Running sum_R_mod_p(1_000_000_000, 1_100_000_000) returns the answer in 371.943 ms!

$18i$

The problem name comes from the discriminant of the polynomial. For a depressed cubic $x^3 + ax + b$, the discriminant is $\Delta = -4a^3 - 27b^2$. For $x^3 - 3x + 4$ we have $\Delta = -324$.

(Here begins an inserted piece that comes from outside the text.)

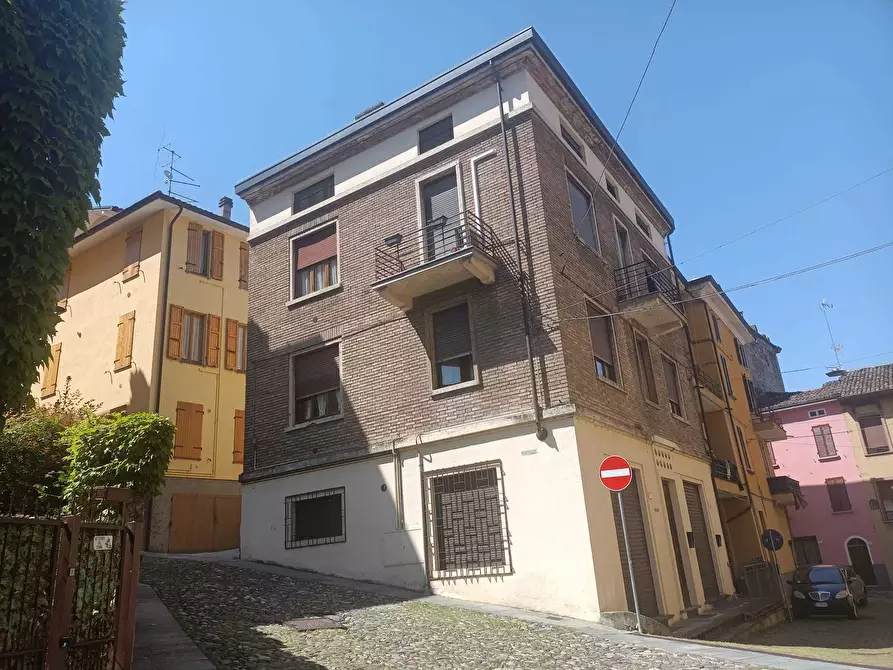 Immagine 1 di Casa bifamiliare in vendita  a Fornovo Di Taro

The resultant of two polynomials measures whether they share a common root. It turns out that evaluating a polynomial over all of $\mathbb{F}_p$ gives a resultant since the roots of $x^p - x$ are exactly $\mathbb{F}_p$ as discussed earlier. This leads to the identity

R(p)^2 \equiv \Delta \pmod{p}.

When $f$ has no roots in $\mathbb{F}_p$ (so $R(p) \neq 0$), this tells us

R(p) = \pm\sqrt{\Delta} = \pm\sqrt{-324} = \pm 18i

So for any prime $p$ where $R(p) \neq 0$, the answer is a modular square root of $-324$ in $\mathbb{F}_p$. The companion matrix approach we took actually automatically computes the correct sign via the determinant though.